Friday, September 5, 2014

Here's to the queen of comedy!

Yesterday afternoon I received a text. 

It was from the beau and it simply said "your joan rivers died." 


While Joan Rivers was far from being solely mine, the news of her death did, in fact, hit me hard.

I never met her but I felt like I knew her. 


Thanks to her trailblazing stand-up comedy routines, her outrageous red carpet antics (she made the red carpet what it is today - before her, it was literally just a carpet), her hilarious (and touching) reality series Joan & Melissa: Joan Knows Best?, the insightful documentary about her life fittingly dubbed a Piece of Work, her biting Fashion Police quips and, of course, her salacious In Bed with Joan web chat show, I came to know one of the funniest, and hardest-working, women in showbiz.

And if the most important thing to be able to laugh at is yourself, then she was definitely a pro at that as well:

   comedy central roast of joan rivers

Interestingly enough, I came to "know" Joan through one of her greatest critics: my gal Chelsea Handler. While the two had a well-publicized feud due to the fact that Joan accused Chelsea of sleeping her way to the top and being a "drunk whore," it is thanks to one biatch that I got to know the other biatch.

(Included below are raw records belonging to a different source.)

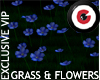 Grass n linseed flowers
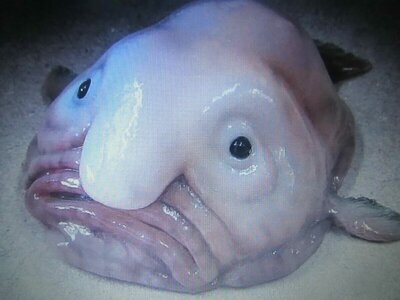 Разве не похож? 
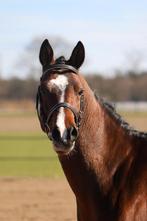 Stoere goedgekeurde nrps hengst te koop, Dieren en Toebehoren, Pony's, B, Gechipt, Hengst, 11 jaar of ouder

who is wendy williams and why is she drinking tea through a straw?

Like most comedians, Joan did not have an easy life. A crippling sense of insecurity (hello plastic surgery!), a marriage that ended when her husband committed suicide after their television show got cancelled and a fraught mother-daughter relationship all contributed to what made Joan who, and how funny, she was.

Watching her documentary was a real eye-opener for me. 


In it, she talks about being fearful of being unemployed and deemed "irrelevant." This from a woman who won wrote 10 books, appeared in nine films and over 60 television shows and sold "$750 million worth of jewellery on the TV shopping channel QVC," according to The Telegraph.  

 miley's tongue thrusting inspiration?

She also unleashes "the card catalog," a catalog of every joke she has ever written.

 the serious business of comedy

If Joan, the woman who "just wanted to be liked" was here today, she would see that she was more than just liked. 

She was loved. 

And she will be missed.   

Oh, and also, this explains a lot:

may the lady with the peace pipe rest in peace!